START Source material
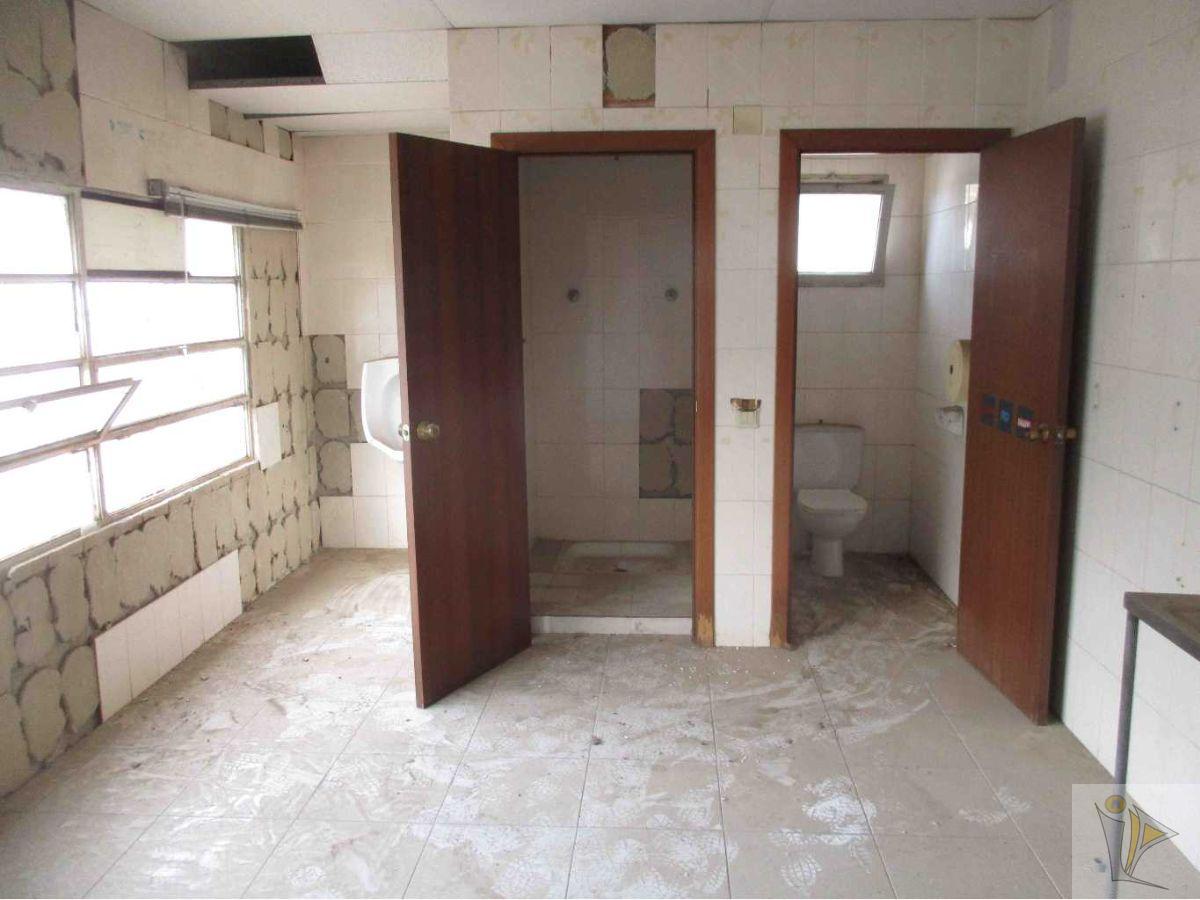 For sale of industrial plant/warehouse in Xirivella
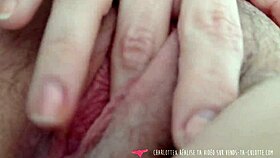 Vends-Ta-Culotte - Femme Enceinte Française Sexy Se Déshabille Et Se Doigte La Chatte - Charlottex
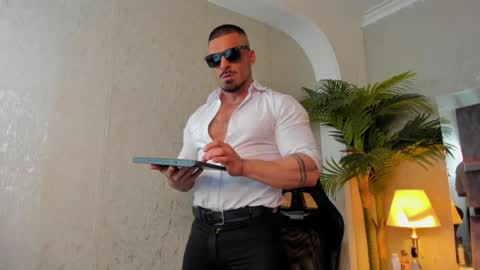 dennis_cox_ online show from 28, 12, 2024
END Source material
**Your goal**
In transcribing the listing, keep each word as it is and drop the pictures.

**Result of the exercise**
 For sale of industrial plant/warehouse in Xirivella
 Vends-Ta-Culotte - Femme Enceinte Française Sexy Se Déshabille Et Se Doigte La Chatte - Charlottex
 dennis_cox_ online show from 28, 12, 2024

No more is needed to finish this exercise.